--- DATA UNDER STUDY Enclosed Below ---
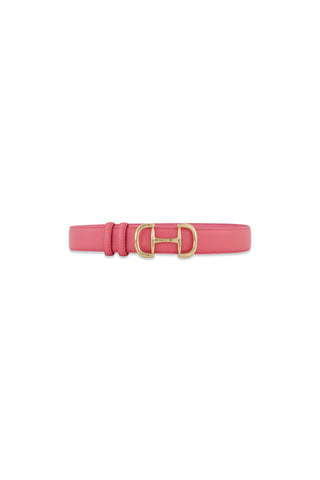 The Bettie Belt - Petal Pink is a faux leather belt in soft pink with a stylish gold horsebit buckle, shown on a white background.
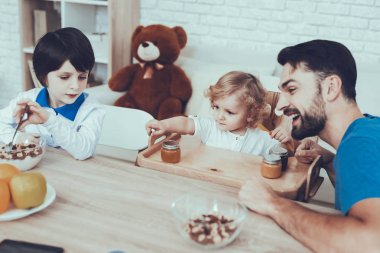 Çocuk yetiştirme. Çocuk. Gevreği süt ile. Chair.Father iki erkek çocuk. Kahvaltı. Baba. Adam geçirdiği zaman. Oğulları. Nişanlı. Delisious yiyecek. Mutlu birlikte. Serbest zaman. Portakal. Gülümseyen çocuklar.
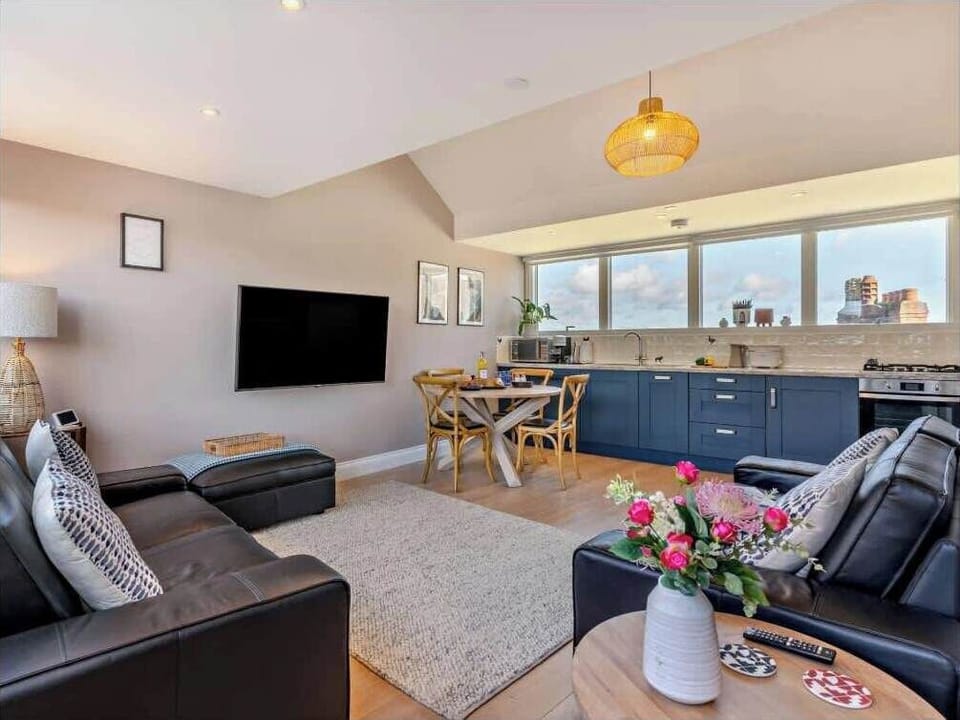 Comfortable lounge with fully equipped kitchen and dining area.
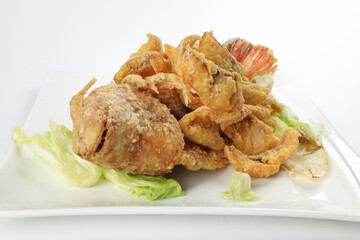 Deep fried freshwater red whole tilapia fish sliced fillet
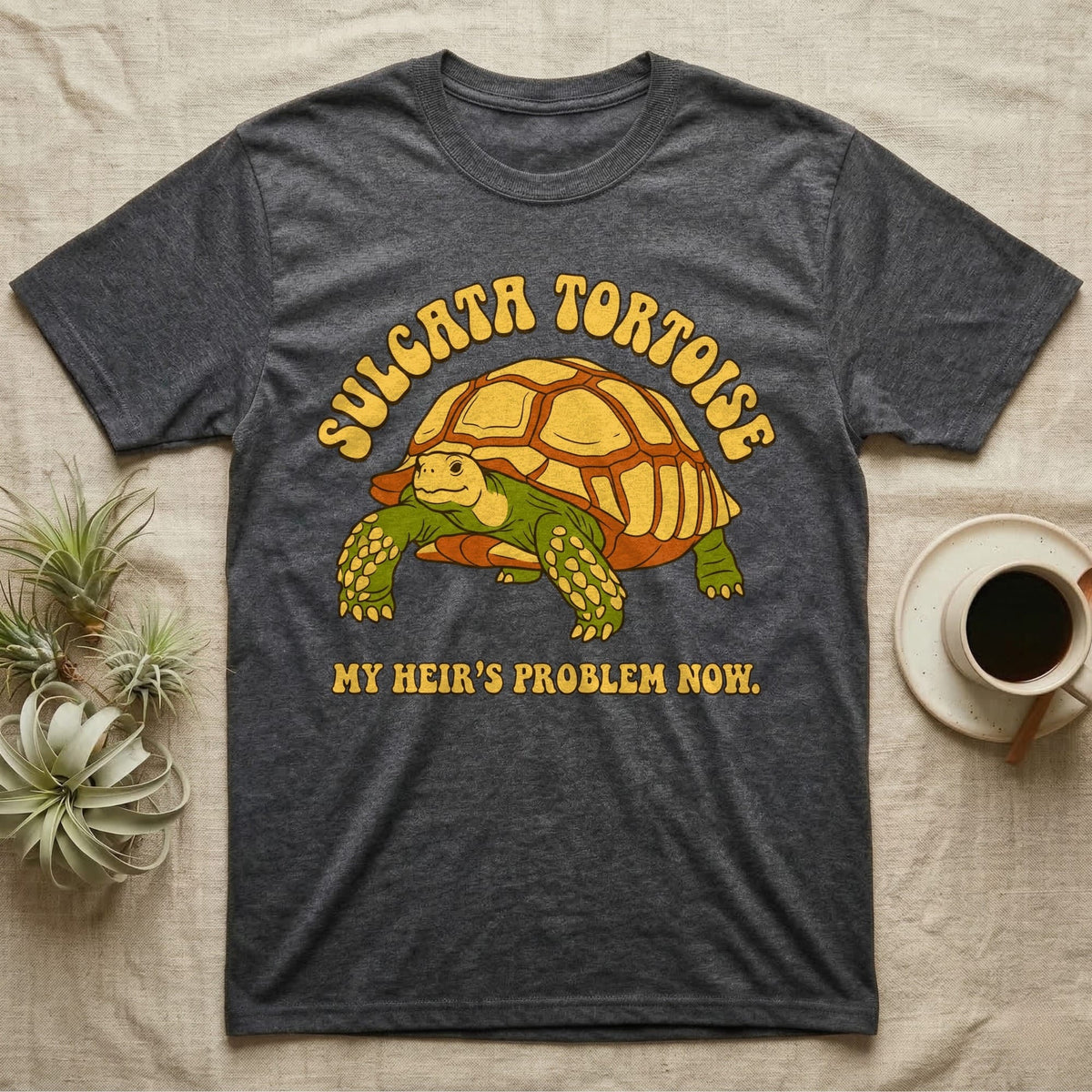 Dark grey t-shirt with Sulcata Tortoise and "MY HEIR'S PROBLEM NOW." text.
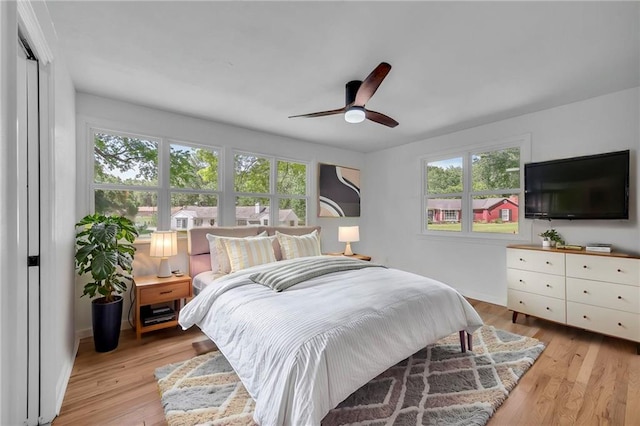 bedroom featuring light wood-style floors and a ceiling fan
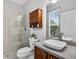 Bright bathroom featuring a walk-in shower and modern sink with wood toned vanity at 111 Falling Water Dr, Brandon, FL 33511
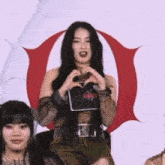 a woman is making a heart shape with her hands in front of a red o .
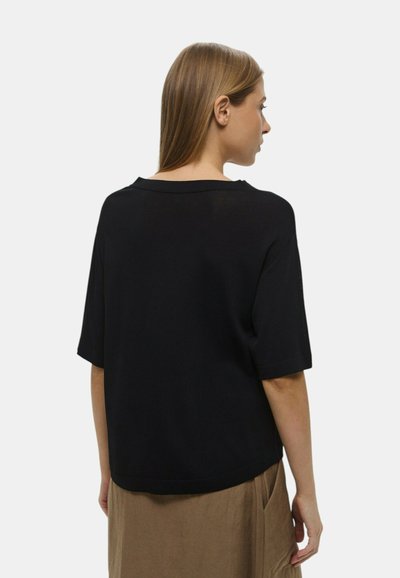 Top nero a maniche corte con una vestibilità ampia, scollatura rotonda, texture liscia e un design semplice, abbinato a una gonna marrone chiaro.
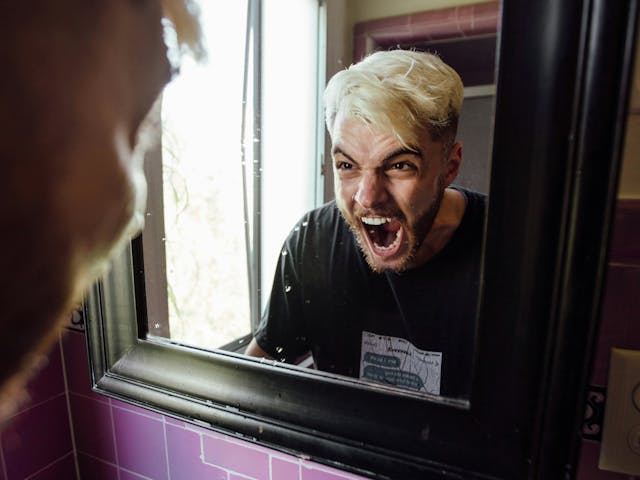 Frustrated young man screaming into mirror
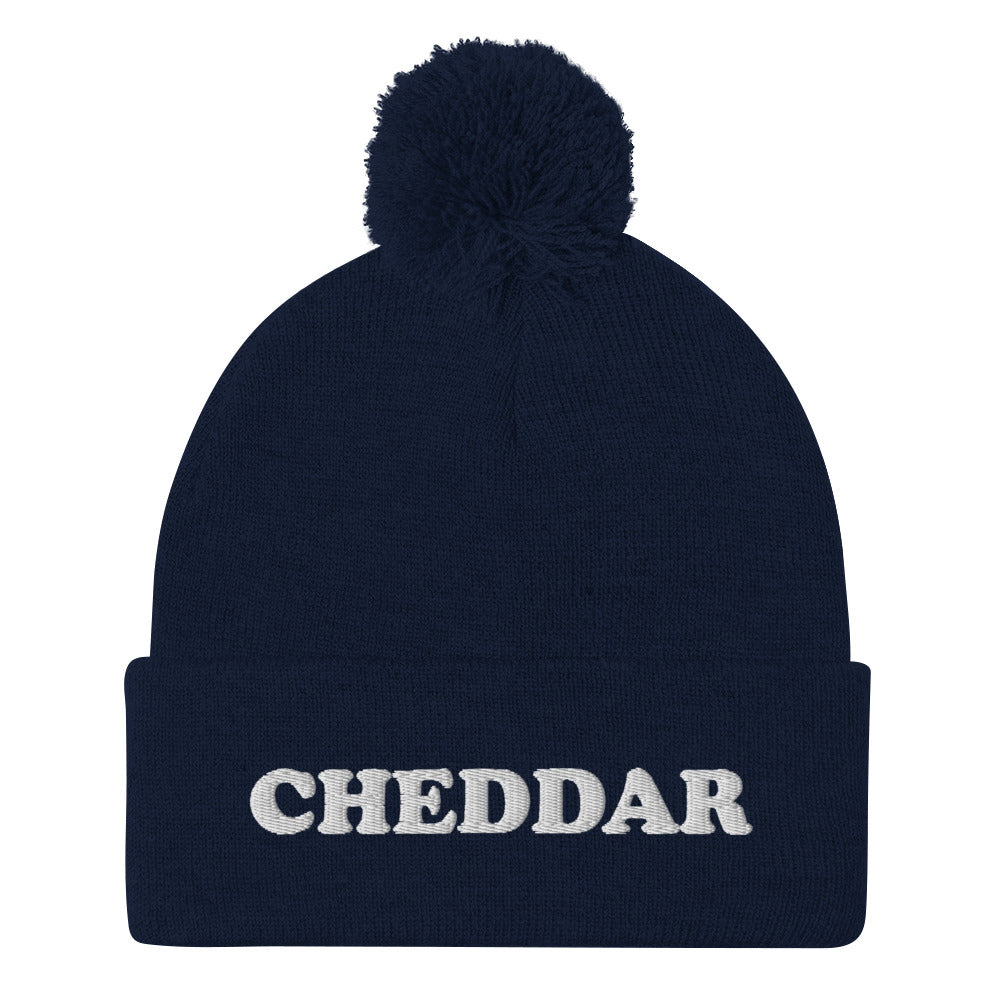 Navy Do you love cheddar cheese? Looking for a funny foodie gift? This warm and cozy, embroidered beanie is just what you need. It's a classic pom pom beanie with "Cheddar", expertly embroidered on the front. The perfect funny beanie for cheese lovers, cheddar enthusiasts and foodies of all kinds.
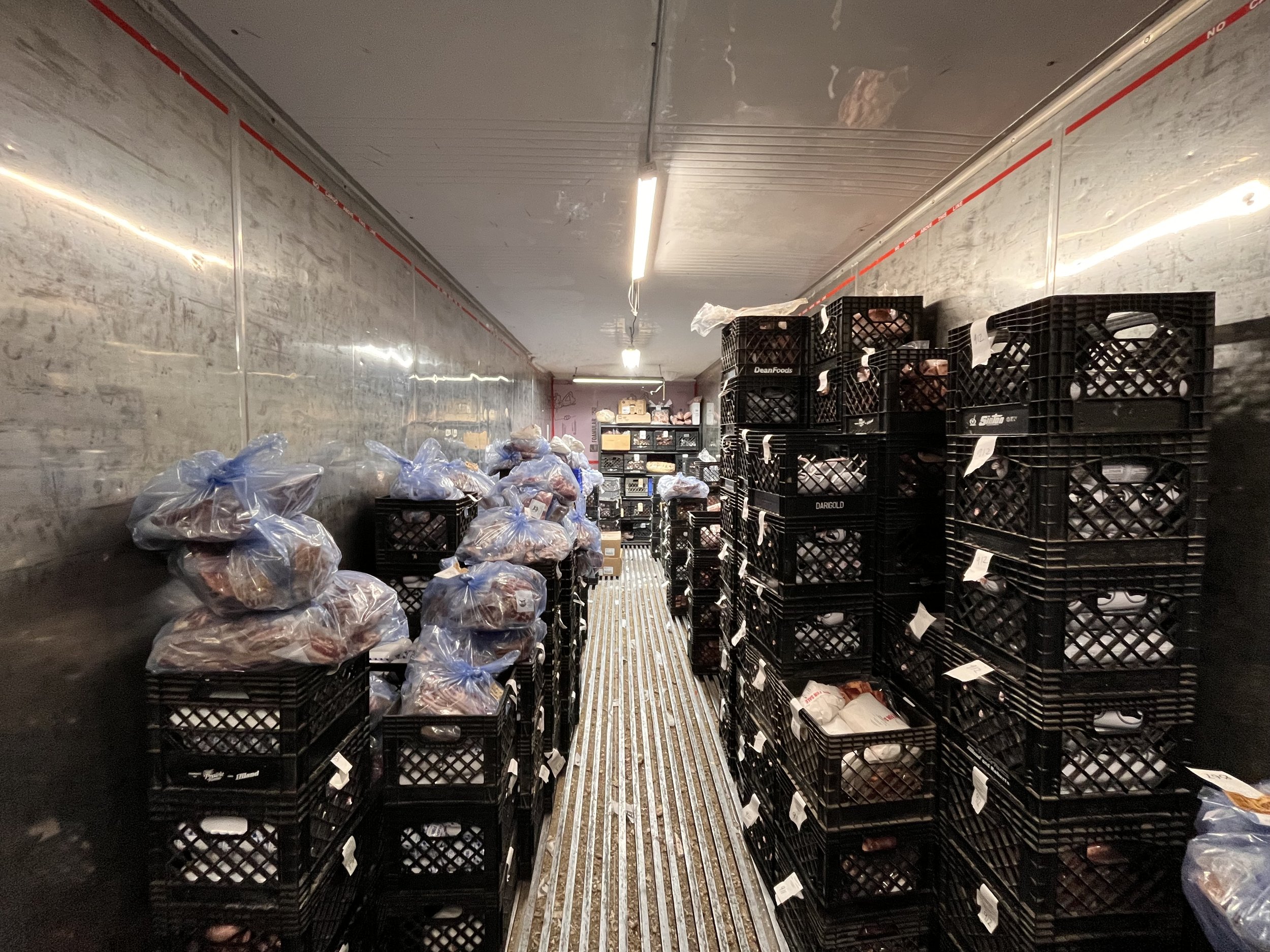 freezer Interior view of a refrigerated storage unit filled with stacked black crates containing food items, some covered with blue plastic bags, highlighting efficient food storage and organization in a commercial kitchen environment.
--- End of Enclosed DATA UNDER STUDY ---
EXERCISE DETAILS: Transcribe exactly each line of the records from the start up to and including the one with "Frustrated young man screaming into mirror", and leave out every picture.

SOLUTION TO THIS PROBLEM:
 The Bettie Belt - Petal Pink is a faux leather belt in soft pink with a stylish gold horsebit buckle, shown on a white background.
 Çocuk yetiştirme. Çocuk. Gevreği süt ile. Chair.Father iki erkek çocuk. Kahvaltı. Baba. Adam geçirdiği zaman. Oğulları. Nişanlı. Delisious yiyecek. Mutlu birlikte. Serbest zaman. Portakal. Gülümseyen çocuklar.
 Comfortable lounge with fully equipped kitchen and dining area.
 Deep fried freshwater red whole tilapia fish sliced fillet
 Dark grey t-shirt with Sulcata Tortoise and "MY HEIR'S PROBLEM NOW." text.
 bedroom featuring light wood-style floors and a ceiling fan
 Bright bathroom featuring a walk-in shower and modern sink with wood toned vanity at 111 Falling Water Dr, Brandon, FL 33511
 a woman is making a heart shape with her hands in front of a red o .
 Top nero a maniche corte con una vestibilità ampia, scollatura rotonda, texture liscia e un design semplice, abbinato a una gonna marrone chiaro.
 Frustrated young man screaming into mirror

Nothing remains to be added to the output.